Further, the Marshallian-k analysis actually says that the US base money to nominal GDP ratio has declined over the past decade, and the broad money to nominal GDP ratio being flat for the past few years. Those who believe there is a positive link between the Marshallian-k and asset prices have to explain away these facts. Moreover, we need to be very careful about three concepts: interest rates, asset prices and the real economy. Clearly, they are all related, but the Marshallian-k says very little about asset prices, though it might have some implications for inflation.
I suspect that even in relation to inflation, most of the analysis based on conventional measures of ‘excess liquidity’ is mistaken. Given the largely demand-determined nature of monetary aggregates, what is commonly thought of as ‘excess’ liquidity is more likely to be an ‘excess’ demand for money, reflecting portfolio choices between money, other assets and spending that only indirectly reflect central bank policy actions.

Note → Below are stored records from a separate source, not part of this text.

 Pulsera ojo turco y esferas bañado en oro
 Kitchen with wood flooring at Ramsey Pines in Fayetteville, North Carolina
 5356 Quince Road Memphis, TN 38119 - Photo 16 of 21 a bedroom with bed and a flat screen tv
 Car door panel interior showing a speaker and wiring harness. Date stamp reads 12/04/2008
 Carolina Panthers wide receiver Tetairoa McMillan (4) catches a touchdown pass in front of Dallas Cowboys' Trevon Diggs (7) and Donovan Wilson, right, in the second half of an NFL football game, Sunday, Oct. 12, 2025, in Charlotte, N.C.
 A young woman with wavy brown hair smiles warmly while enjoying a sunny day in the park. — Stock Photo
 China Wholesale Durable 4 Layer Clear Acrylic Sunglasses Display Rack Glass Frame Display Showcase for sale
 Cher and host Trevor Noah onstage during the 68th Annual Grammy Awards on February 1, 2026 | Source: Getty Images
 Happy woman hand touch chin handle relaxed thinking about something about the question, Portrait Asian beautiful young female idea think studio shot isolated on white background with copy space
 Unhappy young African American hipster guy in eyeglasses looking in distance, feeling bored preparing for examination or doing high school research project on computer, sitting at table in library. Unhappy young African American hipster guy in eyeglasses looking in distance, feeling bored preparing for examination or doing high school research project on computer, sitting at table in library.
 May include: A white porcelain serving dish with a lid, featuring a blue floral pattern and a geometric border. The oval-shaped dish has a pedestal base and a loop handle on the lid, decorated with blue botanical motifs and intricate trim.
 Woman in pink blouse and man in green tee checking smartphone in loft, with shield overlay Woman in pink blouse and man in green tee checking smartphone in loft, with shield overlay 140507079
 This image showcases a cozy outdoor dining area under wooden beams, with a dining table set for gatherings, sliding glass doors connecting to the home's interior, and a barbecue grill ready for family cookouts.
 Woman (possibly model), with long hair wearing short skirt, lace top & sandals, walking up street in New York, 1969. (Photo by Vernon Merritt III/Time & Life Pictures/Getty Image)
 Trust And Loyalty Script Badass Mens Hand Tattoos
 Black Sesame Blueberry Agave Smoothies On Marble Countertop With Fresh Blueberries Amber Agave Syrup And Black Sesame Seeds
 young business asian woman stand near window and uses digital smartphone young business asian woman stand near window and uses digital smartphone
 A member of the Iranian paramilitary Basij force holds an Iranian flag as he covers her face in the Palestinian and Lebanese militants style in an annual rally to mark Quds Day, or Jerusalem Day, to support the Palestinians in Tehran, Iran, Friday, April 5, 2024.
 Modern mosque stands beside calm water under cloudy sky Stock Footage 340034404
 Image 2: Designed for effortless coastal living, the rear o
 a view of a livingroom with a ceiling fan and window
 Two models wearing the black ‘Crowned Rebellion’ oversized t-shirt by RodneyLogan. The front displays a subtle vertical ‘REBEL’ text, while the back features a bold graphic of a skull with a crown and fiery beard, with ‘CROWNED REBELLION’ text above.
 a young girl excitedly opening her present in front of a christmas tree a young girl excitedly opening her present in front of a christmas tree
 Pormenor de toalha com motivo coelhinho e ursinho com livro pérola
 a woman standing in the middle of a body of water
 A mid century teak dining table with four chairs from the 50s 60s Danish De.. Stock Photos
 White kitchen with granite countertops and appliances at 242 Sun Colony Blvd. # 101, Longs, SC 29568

UPDATE: David Miles makes a similar point:
shifts in the private sector’s desire to hold a part of its total wealth in a subset of assets labelled ‘money’ (bank deposits of various sorts) are many and varied. To a large extent they reflect portfolio movements that are driven by shifts in the perceived attractiveness of a very wide range of assets. Quite what the interpretation of a shift in broad money for spending and inflationary pressures should be is absolutely unclear, until you drill down to what is driving it.